--- DATA EXCERPT Enclosed Below ---

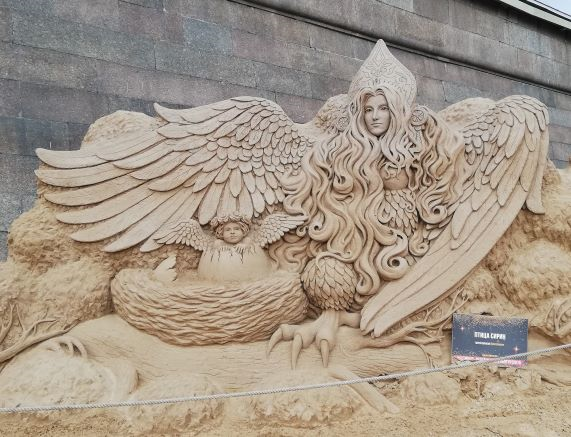 Песчаная скульптура. Птица Сирин. Фото из архива автора.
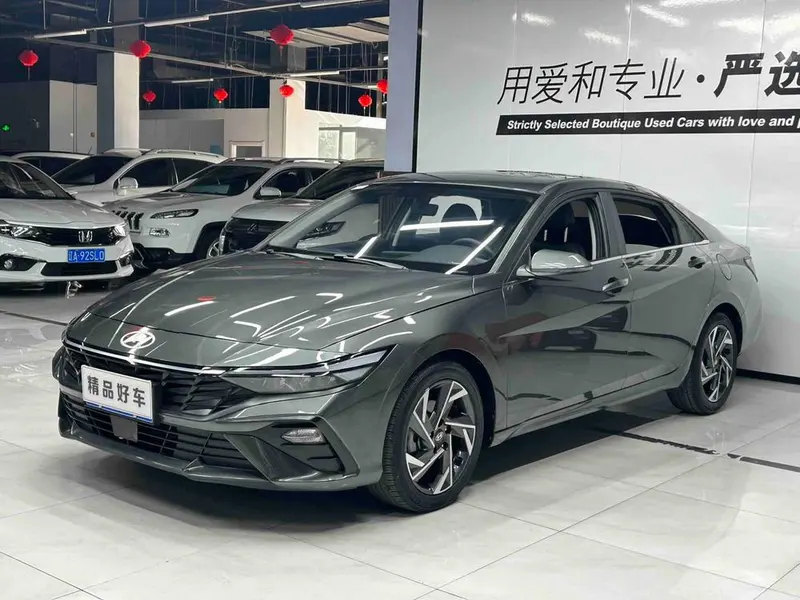 Hyundai Elantra, 2023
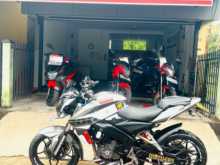 https://riyasewana.com/uploads/bajaj-bajaj-pulser-722164913524.jpg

--- End of Enclosed DATA EXCERPT ---

WORK REQUEST
Would you set down every line of the data above exactly, skipping the pictures?

EXERCISE RESULT
 Песчаная скульптура. Птица Сирин. Фото из архива автора.
 Hyundai Elantra, 2023
 https://riyasewana.com/uploads/bajaj-bajaj-pulser-722164913524.jpg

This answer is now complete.